The defense industry is remaking itself in the face of changing technologies and shrinking budgets, with companies rushing to buy or sell vast lines of business to better position themselves for an uncertain future.
Last week, London-based BAE Systems and Paris-based European Aeronautic Defense & Space said they’re considering combining into a behemoth that would dwarf traditional industry leaders, such as Lockheed Martin and Boeing.
That’s just the latest — and biggest — of a whole series of recent moves. Last month, McLean-based Science Applications International Corp. announced it is splitting its company in two. Last year, Falls Church-based Northrop Grumman said it would spin off its shipbuilding company.
Driving the changes are concerns about Pentagon spending reductions already in place as well as those yet to come, including a roughly $500 billion cut slated for January. But the companies are reacting in very different ways, each trying to game out what parts of the industry are likely to thrive in coming years. The result is a period of particular instability that makes it difficult to predict winners and losers.
Contractors’ decisions typically depend on the businesses they already have and the bets they’re making on what the government will need in the future. Some are cutting loose their less profitable units, anticipating that their companies will be better off with higher profit margins if not more sales.
“When military demand softens . . . companies rearrange themselves in preparation for the hard times,” said Loren Thompson, a defense industry consultant. “Each company is formulating its strategy based on where it was standing when the party ended.”
In the past, said Guy Ben-Ari, deputy director of the Center for Strategic and International Studies’ defense-industrial initiatives group, there has been more consensus on how to react. In the 1990s, for instance, the Pentagon pushed the industry toward consolidation.
“We had a series of strategies that the entire industrial base got behind, and now we’re really at a place where there’s not that big of an industrial base anymore and there’s not any agreement on the right . . . or most profitable strategy,” he said. “Everybody’s trying something else out.”
Many in the industry have been predicting that even as the government brings down spending on services and products related to the wars in Iraq and Afghanistan, there will be other areas where it will have to keep spending. Some companies are betting on cybersecurity as a growing focus — the military has established a new Cyber Command — while others are seeing a growing push for electronic medical records and other health-related technology moves.

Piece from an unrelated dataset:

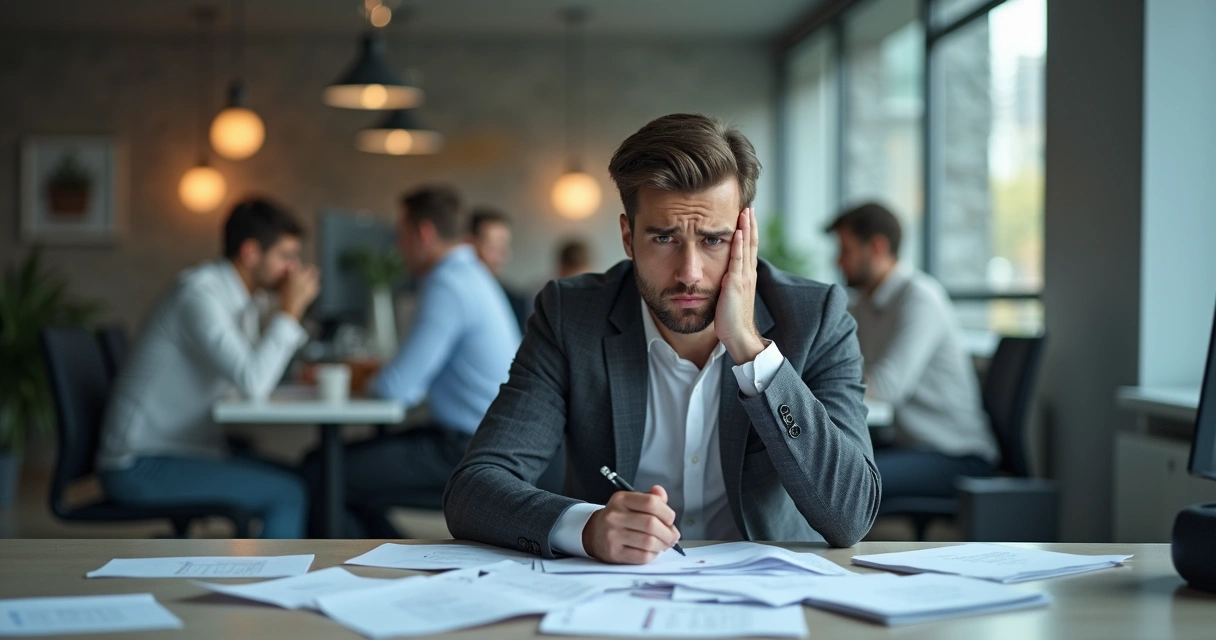 Profissional sentado à mesa em escritório moderno com expressão frustrada, papéis espalhados e computador ao lado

To move more quickly into these areas, contractors such as Falls Church-based General Dynamics have been buying up smaller companies with strongholds in particular markets.

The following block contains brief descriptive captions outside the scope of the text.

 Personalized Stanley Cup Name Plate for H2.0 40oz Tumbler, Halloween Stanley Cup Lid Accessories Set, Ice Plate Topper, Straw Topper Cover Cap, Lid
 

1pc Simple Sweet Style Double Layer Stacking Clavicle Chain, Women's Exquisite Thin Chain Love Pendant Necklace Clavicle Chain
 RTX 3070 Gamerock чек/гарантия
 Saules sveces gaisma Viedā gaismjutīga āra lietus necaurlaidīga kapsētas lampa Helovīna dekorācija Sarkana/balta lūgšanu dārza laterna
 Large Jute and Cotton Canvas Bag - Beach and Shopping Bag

In late August and early September, General Dynamics announced three deals, including one to buy Fidelis Security Systems, a cybersecurity company meant to help its users see into the layers of their network and find breaches and threats.
“We will acquire, we will divest, we will reshape, we will re-portfolio as we need to . . . such that when the decline reverses, as it absolutely will, we are positioned to take max advantage of that upsurge,” General Dynamics chief executive Jay L. Johnson said during an investors’ conference last week.
At the same time, other contractors have been getting smaller. Northrop Grumman has been aggressively setting free programs that it no longer sees as profitable or as a good fit. Facing a slowdown in ship buying, it spun off its shipbuilding unit. Its leadership has said it is simply not pursuing contracts where the profit margins are undesirable.
Also seeking larger profits, several other contractors have been jettisoning their government services units. As these kinds of contracts have become increasingly awarded based on price, some companies have said they require a different business model than more profitable work, such as building military radios or intelligence systems.
This summer, L-3 Communications separated its government services business into a new Chantilly-based public company called Engility. Similarly, SAIC said last month it would separate its government services work — which consists of areas such as engineering support and financial analysis work — from a technology business with concentrations in areas such as electronic warfare, cybersecurity and health technology programs.
The decisions being made in the industry run “the gamut from . . . great strategy to great fear,” said K. Stuart Shea, SAIC’s chief operating officer. “We’re on the strategy end of that spectrum.”
Still, the potential EADS and BAE combination is the most dramatic turn for the industry. In this case, the deal would help both companies diversify given that EADS is largely focused on commercial aviation, while BAE is known for its military and government work.
Under the agreement now being considered, the companies would have a dual-listed structure and give BAE shareholders 40 percent and EADS shareholders 60 percent of the unified group. Because BAE has historically paid more of its earnings in dividends, EADS would pay 200 million euros to its shareholders under the deal.
“This deal is just on a different level than all the other activity,” said Roman Schweizer, an aerospace and defense policy analyst at Guggenheim Securities.
EADS and BAE have cautioned that they are only in negotiations, and analysts said it would take time for the deal to move forward.
“I don’t think in this case it’s big for the sake of big,” said Linda Hudson, president and chief executive of BAE Systems’ Arlington-based U.S. business, in an interview. “We’re both vulnerable to the cyclical nature of . . . those different markets . . . so what you end up with is a healthier enterprise.”